__Directions for this task__. All of the data is to be printed exactly, though the images must be left off.

__Information supplied__.
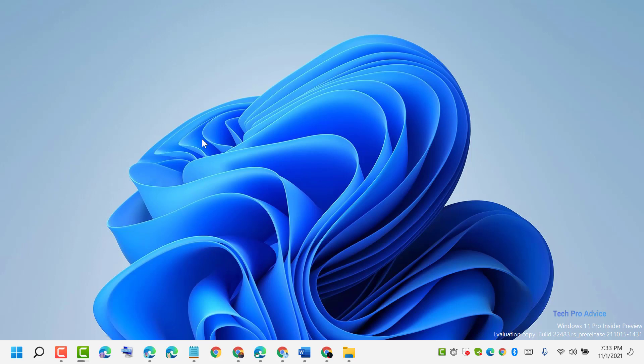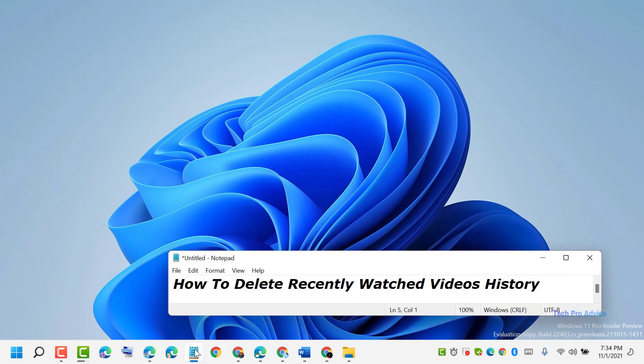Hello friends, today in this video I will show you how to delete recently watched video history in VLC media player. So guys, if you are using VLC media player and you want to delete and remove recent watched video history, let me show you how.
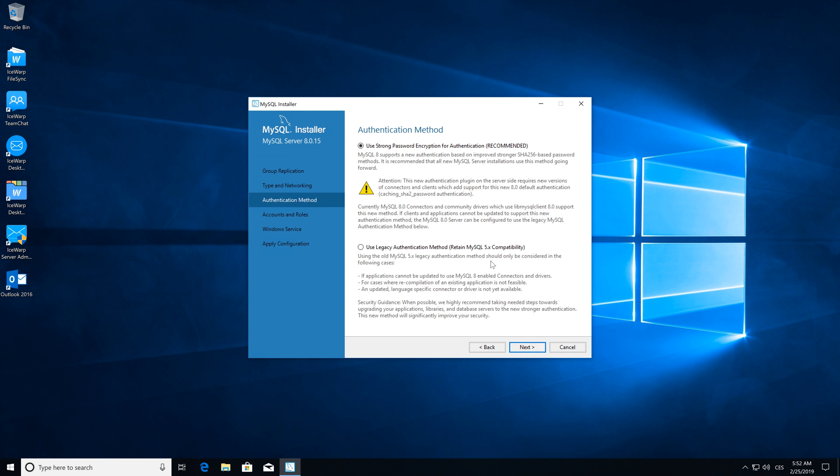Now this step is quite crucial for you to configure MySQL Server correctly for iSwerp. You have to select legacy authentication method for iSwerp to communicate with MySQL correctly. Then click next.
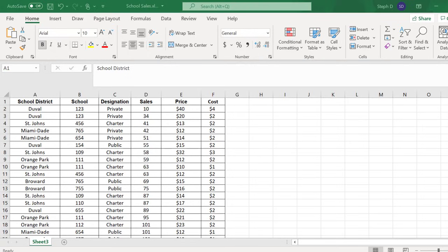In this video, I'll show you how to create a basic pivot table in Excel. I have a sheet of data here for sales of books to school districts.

__Result below__.
Hello friends, today in this video I will show you how to delete recently watched video history in VLC media player. So guys, if you are using VLC media player and you want to delete and remove recent watched video history, let me show you how.
Now this step is quite crucial for you to configure MySQL Server correctly for iSwerp. You have to select legacy authentication method for iSwerp to communicate with MySQL correctly. Then click next.
In this video, I'll show you how to create a basic pivot table in Excel. I have a sheet of data here for sales of books to school districts.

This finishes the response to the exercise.